ASSESSMENT OF EVIDENCE OF CLINICAL PSYCHOLOGISTS
[49] The approach of a Court in assessing expert evidence has been authoritatively set out in Michael and Another v Linksfield Park Clinic and Another, 2001 (3) SA 1188 (SCA) at p1201 A-E, where it has been stated that the Court must be satisfied that the expert opinions advanced are founded on logical reasoning. This approach has been consistently followed, Buthelezi v Ndaba, 2013 (5) SA 437 (SCA) at 442 G - H and Mediclinic v Vermeulen, 2015 (1) SA 241 (SCA) at 250 B - D.
[50] I am satisfied that Mr Ormond-Brown is suitably qualified to express a view on whether there has been any fallout flowing from the moderate concussive brain injury. His experience emanates from an expansive career in which he has obtained experience in a very wide range of brain dysfunction. He currently serves on the executive committee of SANCA and although not a statutory body, is the only way of claiming accreditation in the field of neuropsychology. It involves writing exams, submitting papers and as Mr Ormond-Brown stated, undergoing a ‘personality assassination’ prior to acceptance.
[51] I accept that it is not a pre-requisite to being able to express a view in the field of neuropsychology and that a clinical psychologist without such accreditation could also do so. I find that in this case though, Mr Ormond-Brown is more qualified to express an opinion on the subject matter than is Dr Dlukulu.
[52] Mr Ormond-Brown had examined the plaintiff on 20 February 2013, some 5 years after the plaintiff had suffered the brain injury. By this time the plaintiff’s recovery from his injuries had stabilized and such deficits as could be identified, had become permanent. Against this backdrop, his test results and his opinions were, in my view, as valid in the present as they were in 2013.
[53] I accept the findings of Mr Ormond-Brown that the plaintiff experiences problems with abstract concepts, has difficulty expressing himself in that he has difficulty formulating ideas, that he struggles to keep up the pace, that there is a delay in the consolidation of his memory and that his functioning is variable and unpredictable. He drew attention to a recurring theme shining from the tests being that the plaintiff’s performance is variable. The variability of his functioning makes him unpredictable for any employer, which in turn makes him unreliable. I find this to be so.

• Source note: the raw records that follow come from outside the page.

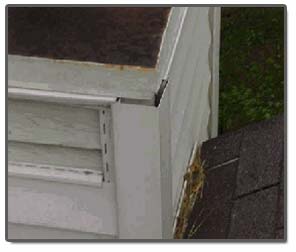 Old chimney chase pan allows siding to protrude outside of chase edge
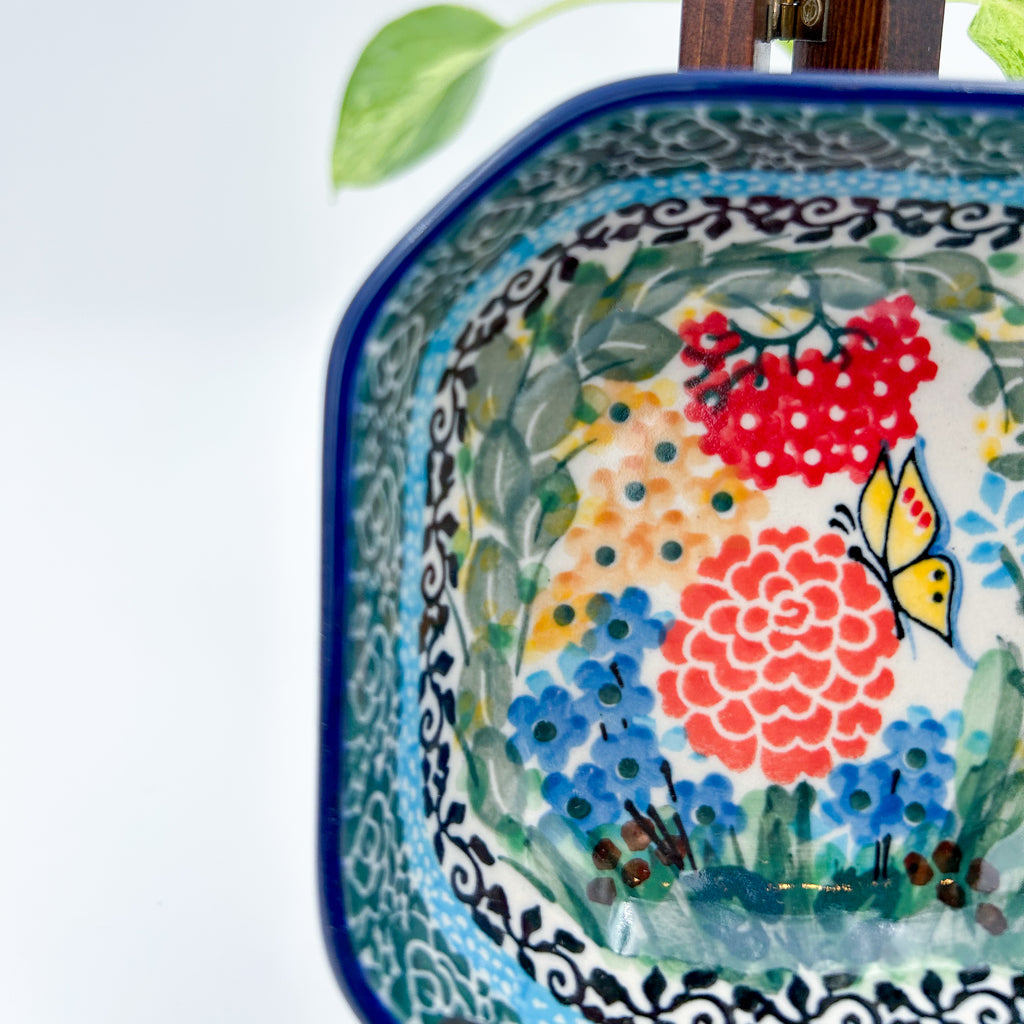 Close-up of butterfly and floral bouquet on Butterfly Garden square bowl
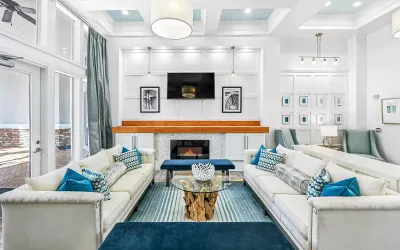 Luxurious clubhouse with chic white sofas, vibrant blue accents, modern fireplace, and elegant decor in a bright, open-concept space.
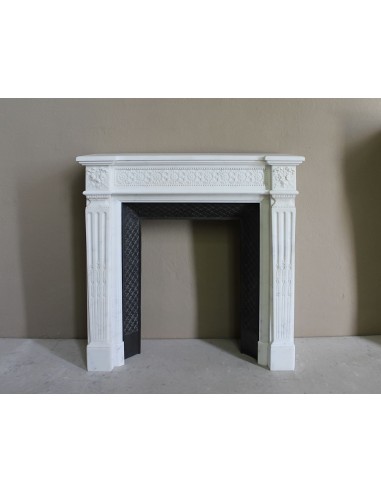 Exceptionally small and refined Neoclassical “Macaron” antique fireplace mantel in pristine Statuario white marble.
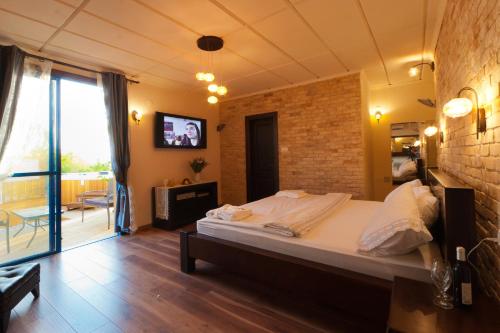 a bedroom with a large bed and a brick wall at shmulik's resort couples or families only in Had Nes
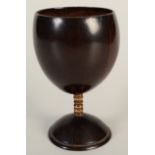 A 19th century coconut cup with bone stem, height 13.5cm.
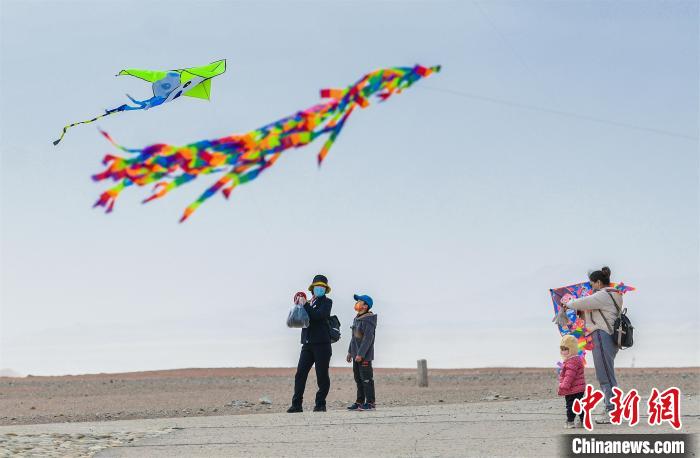 圖為孩童在父母的陪伴下放風(fēng)箏?！⊥醣筱y 攝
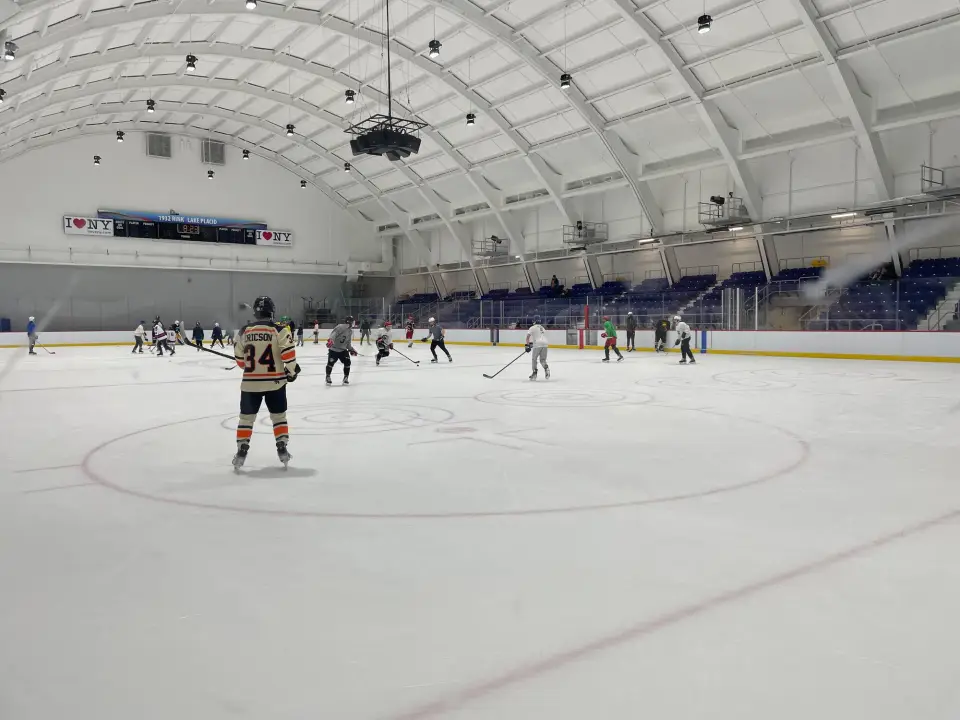 Hockey teams compete in a pickup game at an indoor rink.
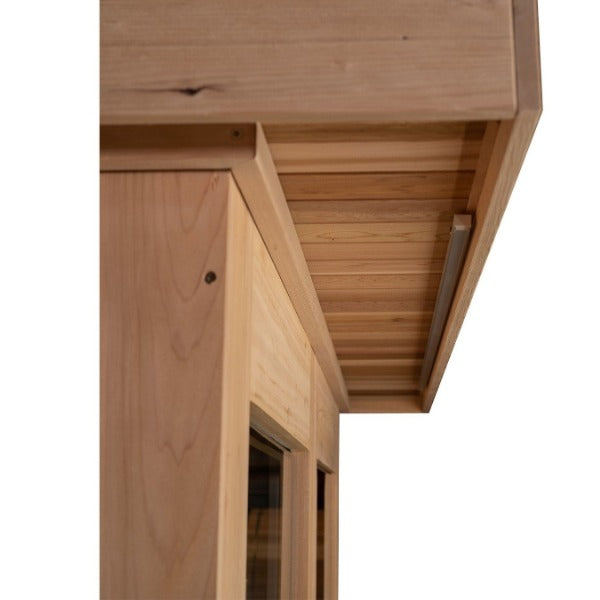 Close-up of the Almost Heaven Denali 6 Person Indoor Sauna’s corner roof and upper wall, showing natural wood grain, a small overhang with horizontal panels, and a window below.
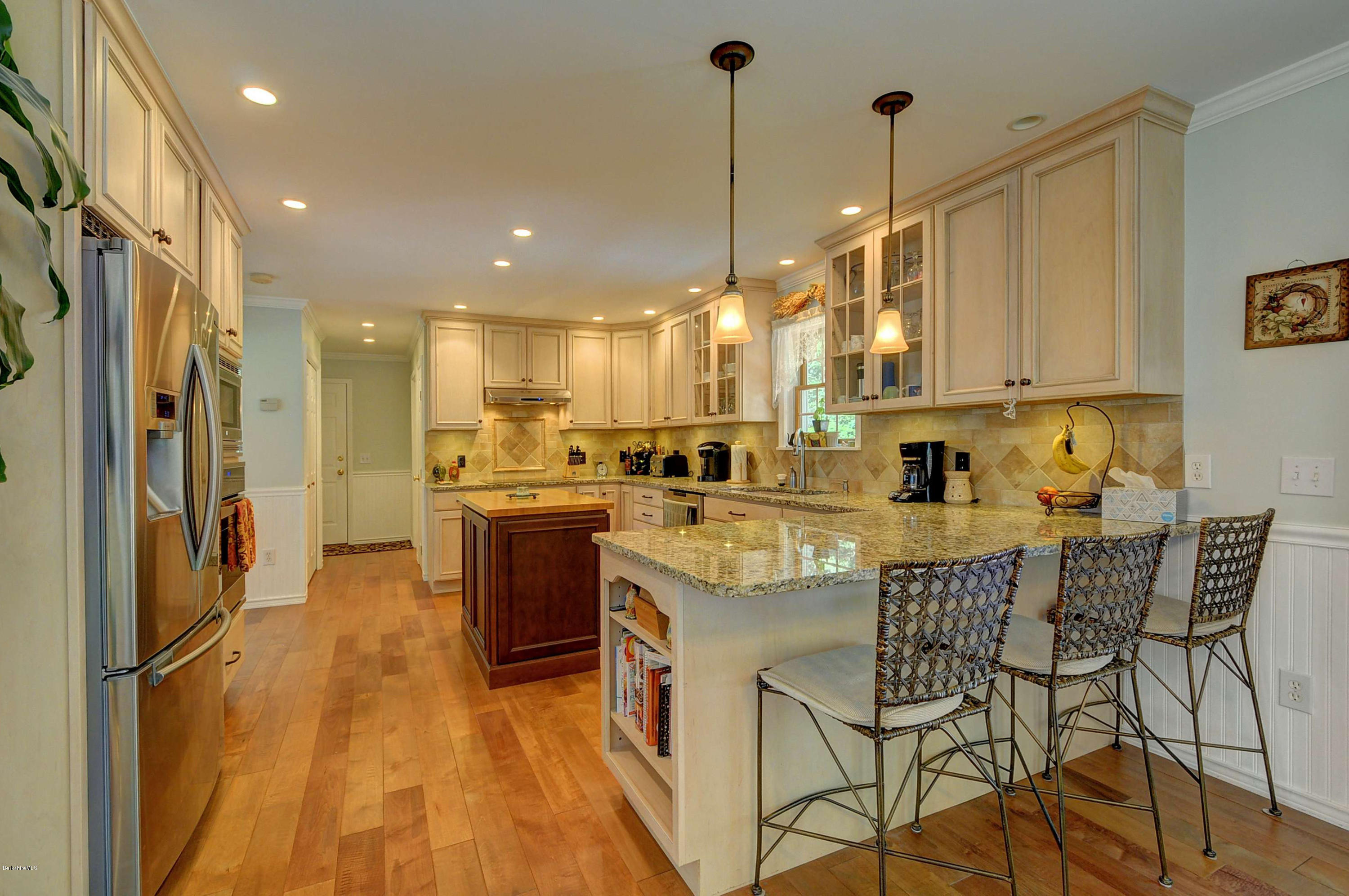 265 Smith Road Hinsdale, MA 01235 - Photo 15 of 27 a kitchen with stainless steel appliances granite countertop a sink a stove a refrigerator and island with wooden floor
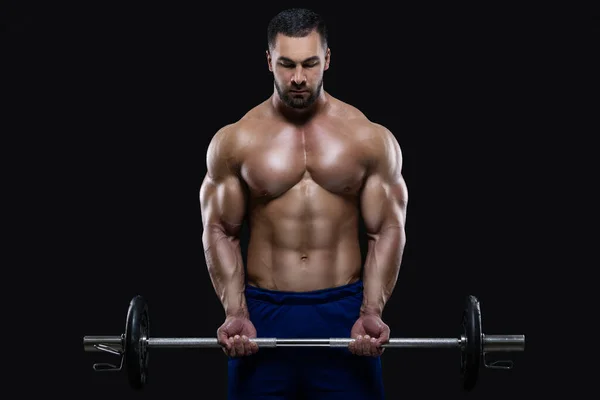 Guapo hombre de fitness está de pie con una pesada barra de pesas listo para entrenar aislado sobre fondo negro —  Fotos de Stock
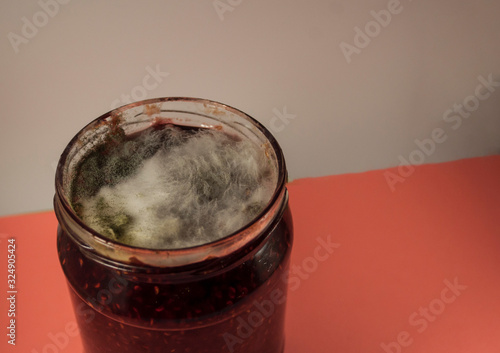 White and gray moldіness in a jar on raspberry jam. Photo from the top on a white and pink background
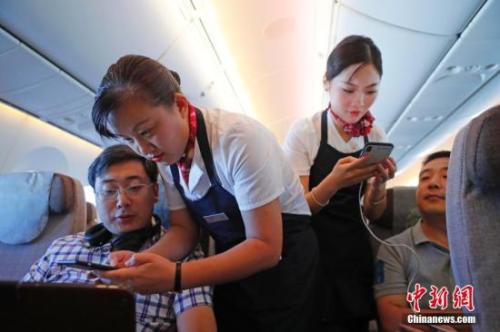 資料圖：乘務(wù)員們在客艙內(nèi)為旅客調(diào)試機上上網(wǎng)功能。<a target='_blank' ><p  align=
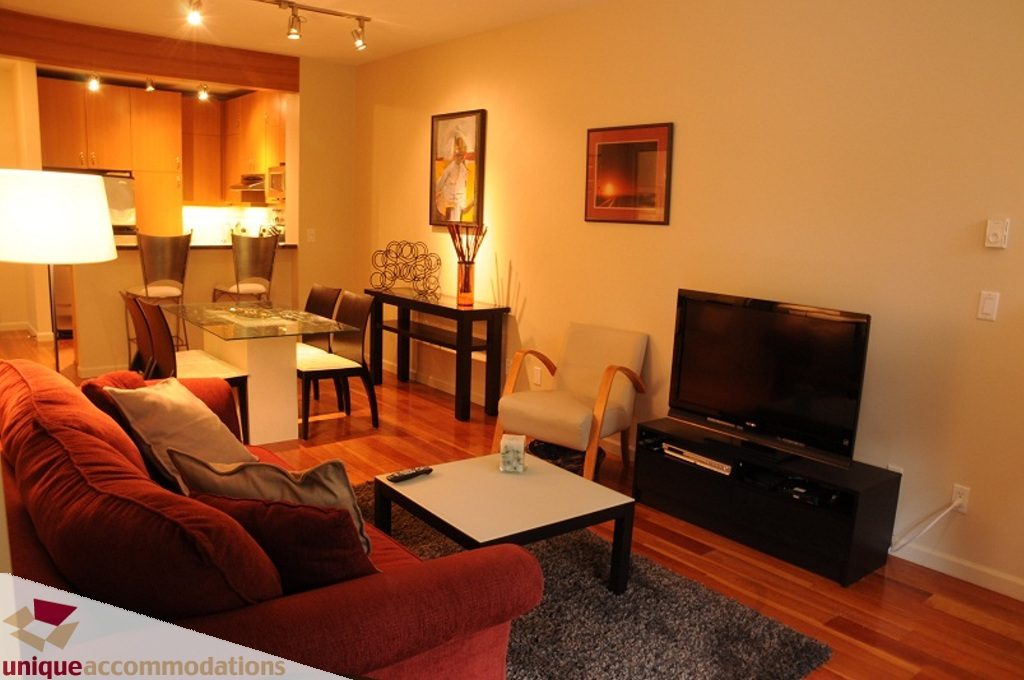 Furnished living room with hardwood floors, red couch, and wall-mounted TV. - 212- 580 Raven Woods Drive, North Vancouver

[54] In respect of inductive reasoning, his performance indicated that his ability was abnormally impaired. Mr Ormond-Brown found that he had performed terribly. The plaintiff was unable to conceptualise alternatives. He got stuck. Perseveration, is according to Mr Ormond-Brown a hallmark condition in people who have had damage to their frontal lobes. I find this to be present in the plaintiff. The tests revealed that the plaintiff did not learn from his mistakes. He kept crashing away at the problem. Also indicative of a frontal lobe injury.
[55] Mr Ormond-Brown opined that all of the aforegoing conditions (‘the impairments’) were indicative of the plaintiff having sustained a frontal lobe injury.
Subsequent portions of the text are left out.